Приятели, превратившись в грубоватых, но заботливых сиделок, разожгли огонь в очаге, и дым клубами повалил в комнату, словно не желал подниматься по сырой, давно бездействовавшей трубе. Но даже дым казался чистым и приятным по сравнению с тяжелым, душным воздухом подвала. Дети снова принялись просить хлеба, но на этот раз Бартон сначала дал кусок бедной, беспомощной, потерявшей всякую надежду женщине, которая продолжала неподвижно сидеть подле мужа, прислушиваясь к его жалобному бессвязному бормотанью. Она взяла хлеб, лишь когда его вложили ей в руку, откусила кусочек, но проглотить не смогла. Она уже не чувствовала голода. Внезапно тело ее безжизненно поникло, и она с глухим стуком упала на пол. Приятели озадаченно переглянулись.

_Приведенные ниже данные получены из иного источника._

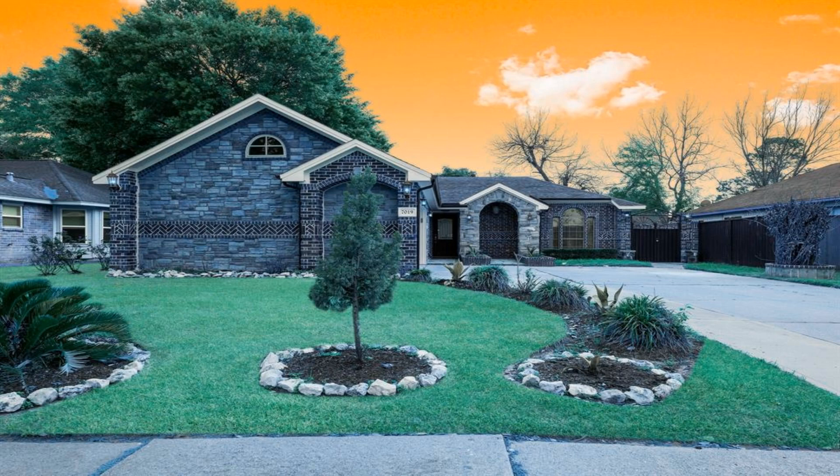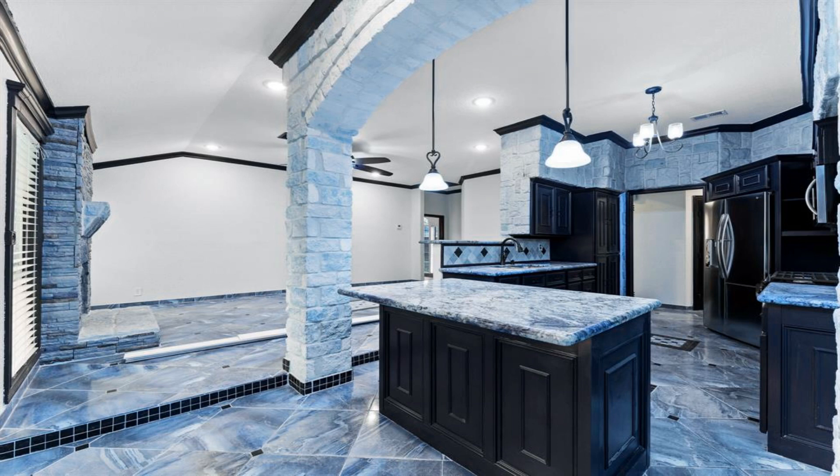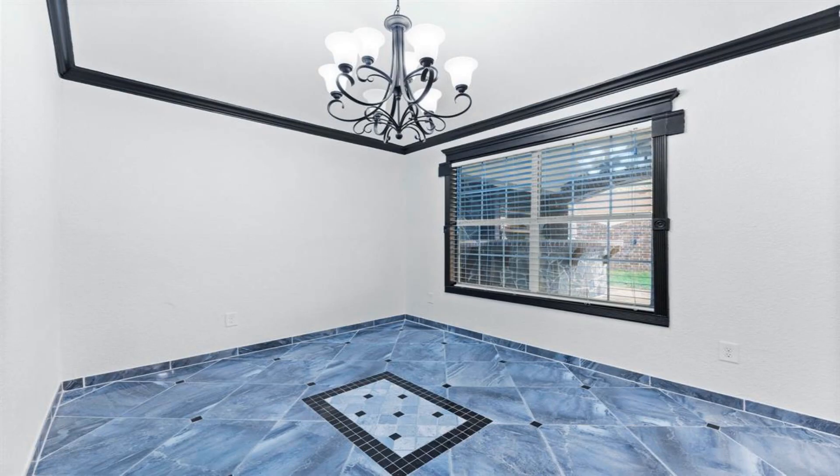A stunning one-story home located in Northwest Park Subdivision. This amazing property offers a unique front elevation with natural stone and brick, a front porch, three large bedrooms, and two full baths.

– Видно, очень она изголодалась, – заметил Бартон. – Говорят, голодным нельзя давать много есть, но ведь она и не съела ничего.

– Вот что я сейчас сделаю, – сказал Уилсон. – Я возьму к себе на ночь этих двух мальчишек постарше, – они только и знают, что драться, – и принесу из дому чаю. Женщинам чай и вообще питье всегда помогает.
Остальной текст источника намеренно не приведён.